■ GIVEN RECORDS
****************

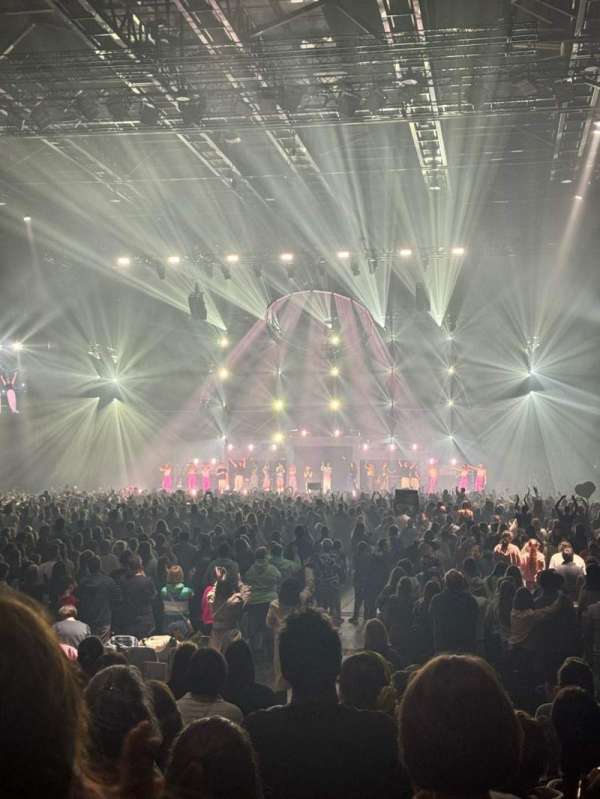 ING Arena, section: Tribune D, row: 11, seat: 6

****************

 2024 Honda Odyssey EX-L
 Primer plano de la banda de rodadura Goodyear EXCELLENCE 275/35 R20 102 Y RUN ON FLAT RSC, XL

****************

■ TASK DIRECTIONS
All that belongs in the answer is the run of lines above from the line containing "2024 Honda Odyssey EX-L" through the line containing "Primer plano de", exactly as written.

■ EXERCISE SOLUTION
 2024 Honda Odyssey EX-L
 Primer plano de la banda de rodadura Goodyear EXCELLENCE 275/35 R20 102 Y RUN ON FLAT RSC, XL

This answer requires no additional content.